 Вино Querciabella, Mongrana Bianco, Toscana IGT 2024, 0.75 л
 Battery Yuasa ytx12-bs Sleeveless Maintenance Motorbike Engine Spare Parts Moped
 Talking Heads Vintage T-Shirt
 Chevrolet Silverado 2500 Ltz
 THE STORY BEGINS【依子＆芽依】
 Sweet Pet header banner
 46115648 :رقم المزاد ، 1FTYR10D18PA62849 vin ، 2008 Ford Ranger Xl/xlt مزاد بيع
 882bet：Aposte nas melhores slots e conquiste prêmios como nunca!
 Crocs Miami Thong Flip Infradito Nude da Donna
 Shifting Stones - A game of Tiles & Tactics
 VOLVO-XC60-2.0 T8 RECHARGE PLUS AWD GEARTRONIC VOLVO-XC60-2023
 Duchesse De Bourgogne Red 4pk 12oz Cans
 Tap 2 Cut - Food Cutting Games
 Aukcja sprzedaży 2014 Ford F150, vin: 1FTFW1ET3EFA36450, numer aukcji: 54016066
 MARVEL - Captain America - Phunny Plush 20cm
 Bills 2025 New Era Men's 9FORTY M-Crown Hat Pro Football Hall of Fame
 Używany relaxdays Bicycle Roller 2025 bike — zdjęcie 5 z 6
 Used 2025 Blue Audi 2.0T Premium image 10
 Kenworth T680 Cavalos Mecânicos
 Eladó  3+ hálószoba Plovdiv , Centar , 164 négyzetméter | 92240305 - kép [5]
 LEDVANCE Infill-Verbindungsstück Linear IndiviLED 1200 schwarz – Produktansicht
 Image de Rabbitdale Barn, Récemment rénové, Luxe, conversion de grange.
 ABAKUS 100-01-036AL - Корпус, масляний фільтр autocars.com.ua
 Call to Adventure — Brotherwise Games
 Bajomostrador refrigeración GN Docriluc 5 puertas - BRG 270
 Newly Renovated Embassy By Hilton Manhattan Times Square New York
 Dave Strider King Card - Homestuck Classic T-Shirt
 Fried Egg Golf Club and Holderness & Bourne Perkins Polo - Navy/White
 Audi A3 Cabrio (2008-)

> WHAT THIS TASK INVOLVES
Your task is to repeat the entries exactly.

> FINISHED TASK
 Вино Querciabella, Mongrana Bianco, Toscana IGT 2024, 0.75 л
 Battery Yuasa ytx12-bs Sleeveless Maintenance Motorbike Engine Spare Parts Moped
 Talking Heads Vintage T-Shirt
 Chevrolet Silverado 2500 Ltz
 THE STORY BEGINS【依子＆芽依】
 Sweet Pet header banner
 46115648 :رقم المزاد ، 1FTYR10D18PA62849 vin ، 2008 Ford Ranger Xl/xlt مزاد بيع
 882bet：Aposte nas melhores slots e conquiste prêmios como nunca!
 Crocs Miami Thong Flip Infradito Nude da Donna
 Shifting Stones - A game of Tiles & Tactics
 VOLVO-XC60-2.0 T8 RECHARGE PLUS AWD GEARTRONIC VOLVO-XC60-2023
 Duchesse De Bourgogne Red 4pk 12oz Cans
 Tap 2 Cut - Food Cutting Games
 Aukcja sprzedaży 2014 Ford F150, vin: 1FTFW1ET3EFA36450, numer aukcji: 54016066
 MARVEL - Captain America - Phunny Plush 20cm
 Bills 2025 New Era Men's 9FORTY M-Crown Hat Pro Football Hall of Fame
 Używany relaxdays Bicycle Roller 2025 bike — zdjęcie 5 z 6
 Used 2025 Blue Audi 2.0T Premium image 10
 Kenworth T680 Cavalos Mecânicos
 Eladó  3+ hálószoba Plovdiv , Centar , 164 négyzetméter | 92240305 - kép [5]
 LEDVANCE Infill-Verbindungsstück Linear IndiviLED 1200 schwarz – Produktansicht
 Image de Rabbitdale Barn, Récemment rénové, Luxe, conversion de grange.
 ABAKUS 100-01-036AL - Корпус, масляний фільтр autocars.com.ua
 Call to Adventure — Brotherwise Games
 Bajomostrador refrigeración GN Docriluc 5 puertas - BRG 270
 Newly Renovated Embassy By Hilton Manhattan Times Square New York
 Dave Strider King Card - Homestuck Classic T-Shirt
 Fried Egg Golf Club and Holderness & Bourne Perkins Polo - Navy/White
 Audi A3 Cabrio (2008-)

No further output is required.